L’antenne régionale de la Division nationale de lutte contre le trafic de migrants et pratiques assimilées a démantelé un réseau présumé de traite de personnes à Kédougou. Une ressortissante nigériane a été déférée au parquet pour association de malfaiteurs et exploitation sexuelle de jeunes femmes recrutées au Nigeria.


Rédigé par leral.net le Dimanche 24 Mai 2026 à 12:07 | | 0 commentaire(s)|

L’antenne régionale de Division nationale de lutte contre le trafic de migrants et pratiques assimilées (DNLT) de Kédougou a procédé au démantèlement d’un présumé réseau de traite de personnes à des fins d’exploitation sexuelle.

La principale suspecte, une ressortissante nigériane, a été déférée au parquet le vendredi 22 mai 2026 pour association de malfaiteurs et traite de personnes.

Selon les informations de l’enquête, les agents de la DNLT avaient été alertés le 20 mai sur la présence de jeunes filles nigérianes exploitées sexuellement dans le village de Sambrabougou, situé dans la région de Kédougou.

Une opération menée par le Bureau d’Interpellations, de Filatures et de Surveillance (BIFS) a permis la perquisition du domicile de la suspecte et l’interpellation de cette dernière ainsi que de trois victimes présumées.

Lors de leurs auditions, les jeunes femmes ont déclaré avoir été acheminées depuis le Nigeria avant d’être contraintes à la prostitution par leur compatriote. Elles ont expliqué que cette dernière leur imposait une « dette de voyage » de 1 500 000 FCFA chacune avant toute possibilité de liberté.

Les enquêteurs ont également découvert un système de tontine forcée mis en place pour récupérer les revenus issus de cette exploitation. Chaque victime devait verser 50 000 FCFA tous les cinq jours à la suspecte.

Deux des victimes auraient déjà payé 700 000 FCFA chacune, tandis qu’une troisième avait terminé le remboursement intégral de sa dette.

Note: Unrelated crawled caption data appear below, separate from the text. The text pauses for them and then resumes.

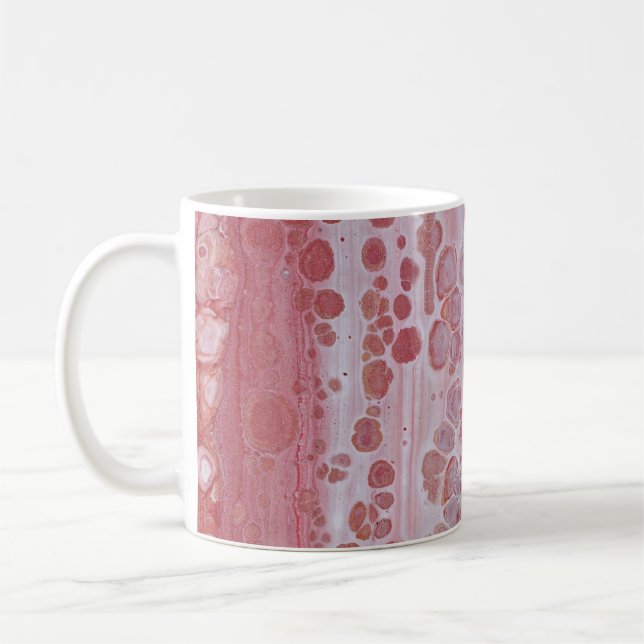 Rote und rosa Flecken  Kaffeetasse (Links)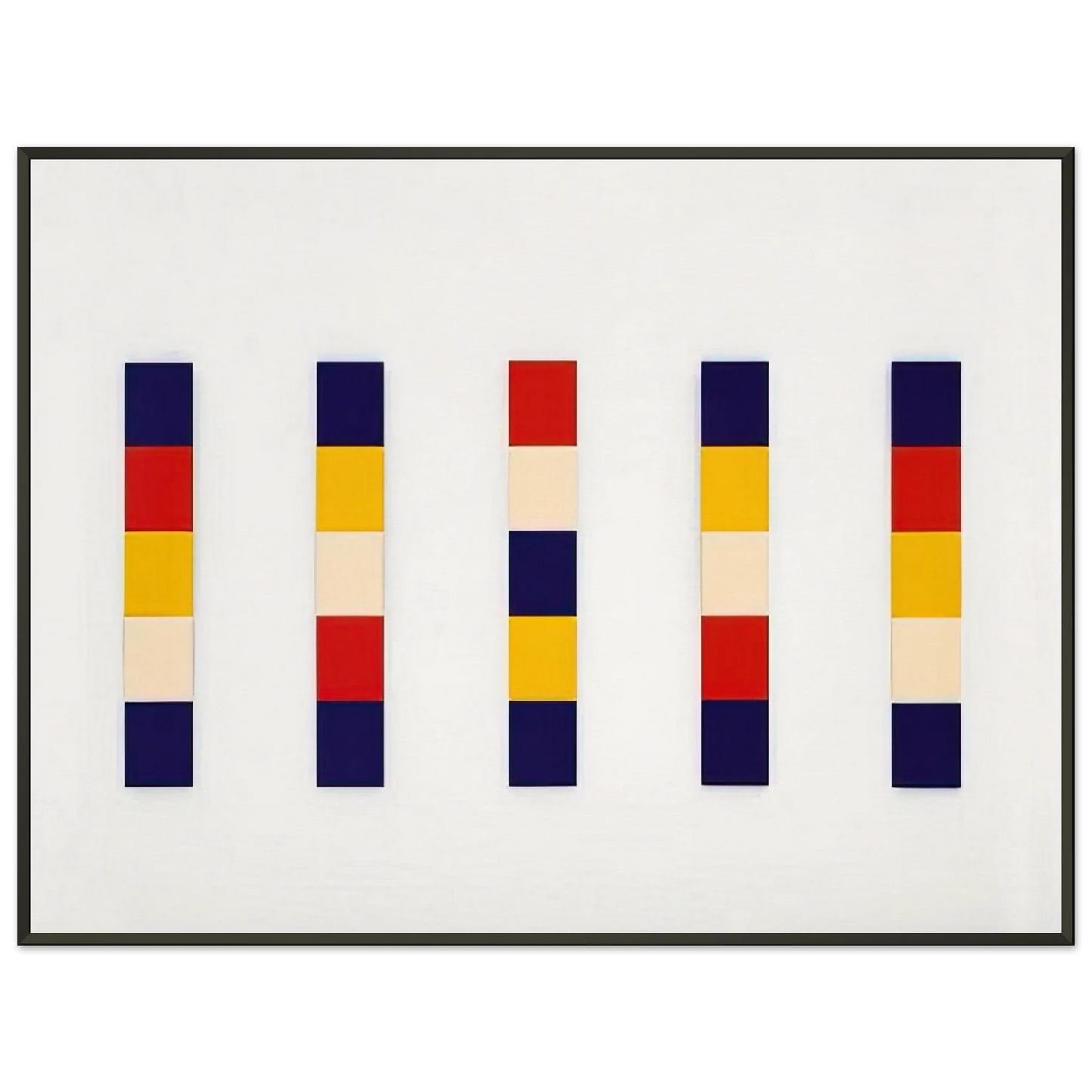 Ellsworth Kelly Red Yellow Blue White Framed Art Print - Aluminum Frame - 40x50 cm / 16x20 inches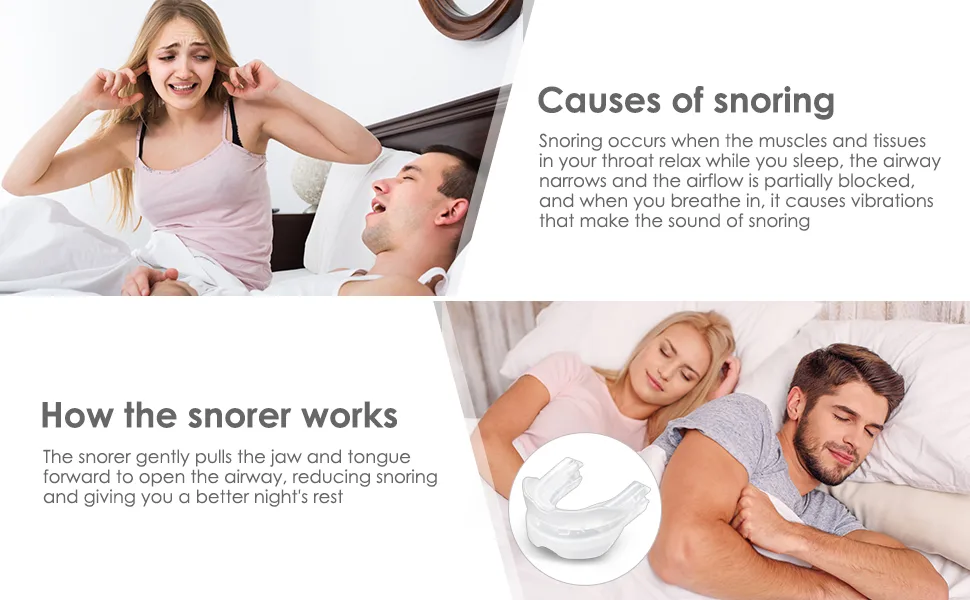 Anti-Snoring Mouthpiece  Anti-Snoring Devices  Professional & Comfortable Adjustable snore mouthpiece   Helps Stop Snoring for Men/Women Clear-999 - product information 4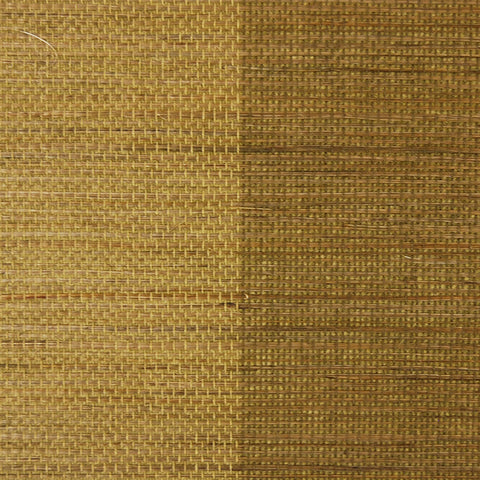 Yue Ying Light Brown Grasscloth Wallpaper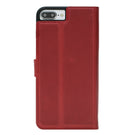 Magic Magnet Wallet Leather Cases for iPhone 7 Plus / 8 Plus - Crazy Red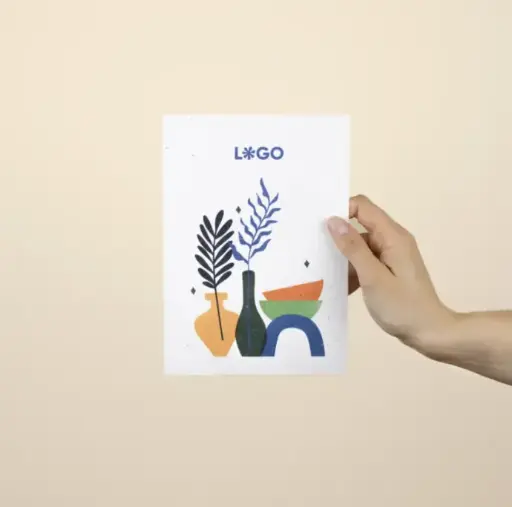 PAPEL PLANTABLE: Tarjeta A5. 14,8x21 cm.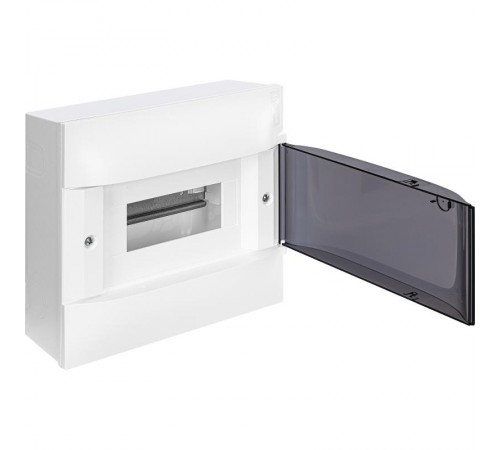 Practibox S Пластиковый щиток Навесной 1X8 Дымчатая дверь  134618  Legrand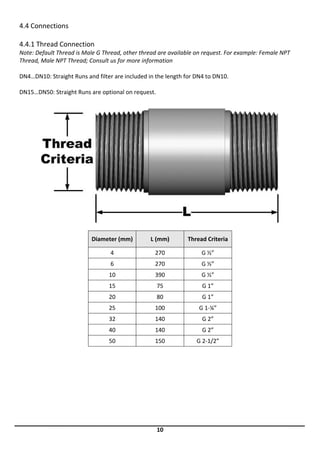Liquid turbine flow meter | PDF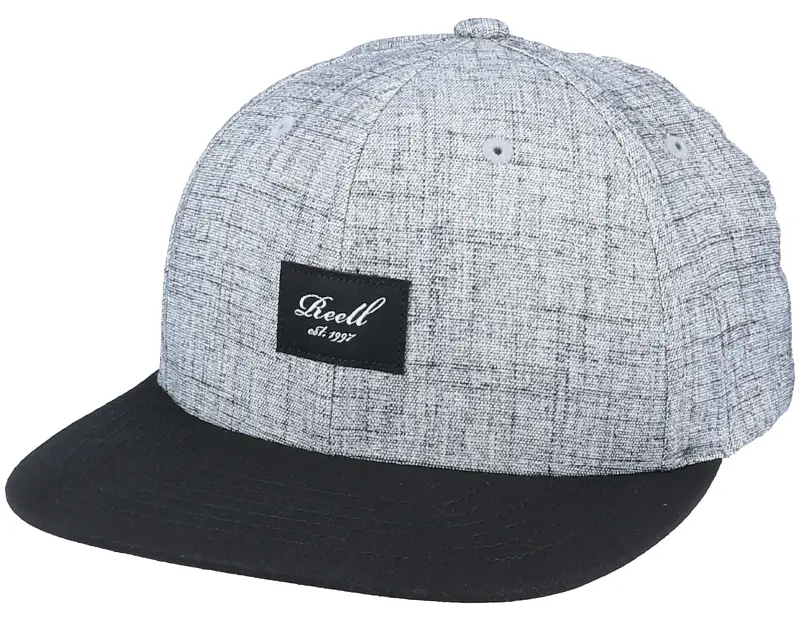 Reell Pitchout Cap 140 Heather Grey / Washed Black Snapback online
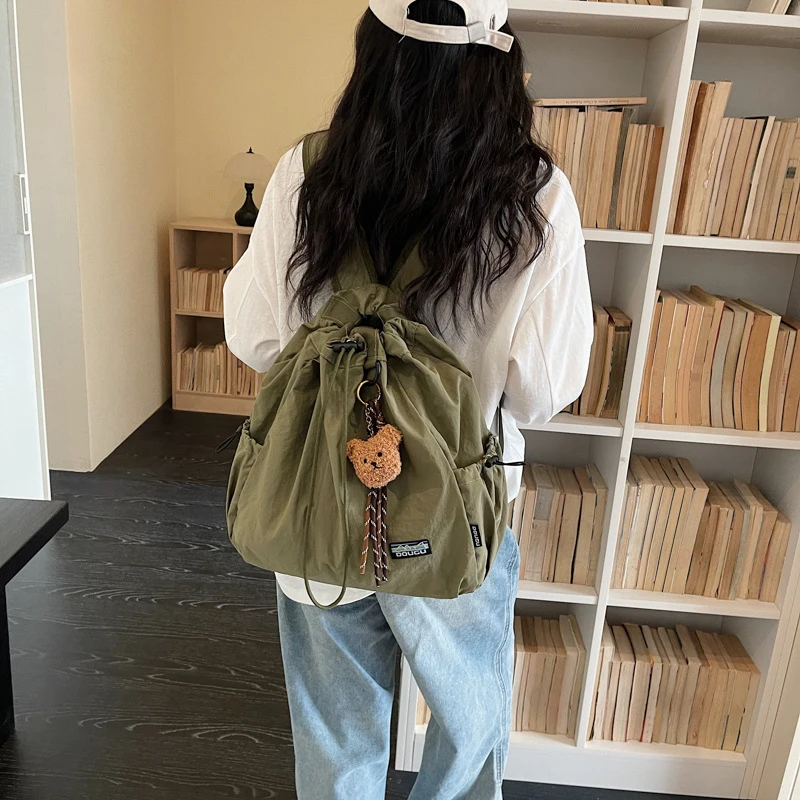 2026 New Large Capacity Drawstring Backpack Women Travel Hiking Handbag Tote Bag Casual Style Unisex School Bookbag
2026 New Large Capacity Drawstring Backpack Women Travel Hiking Handbag Tote Bag Casual Style Unisex School Bookbag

Confrontée aux éléments de l’enquête, la mise en cause a reconnu les faits et révélé l’existence d’une filière transfrontalière impliquant plusieurs pays d’Afrique de l’Ouest, notamment le Nigeria, le Bénin, le Mali et le Sénégal.

D’après ses aveux, les victimes auraient d’abord été retenues pendant un mois au Mali avant d’être transférées à Khossanto puis à Sambrabougou.

La suspecte a également admis avoir transféré une partie des fonds issus de cette activité vers sa famille au Nigeria afin de blanchir l’argent récolté.

Placée sous mandat de dépôt, elle a été présentée au Procureur de la République près le Tribunal de Grande Instance de Kédougou.

Les trois victimes, quant à elles, ont été confiées à une ONG spécialisée pour leur prise en charge et leur accompagnement.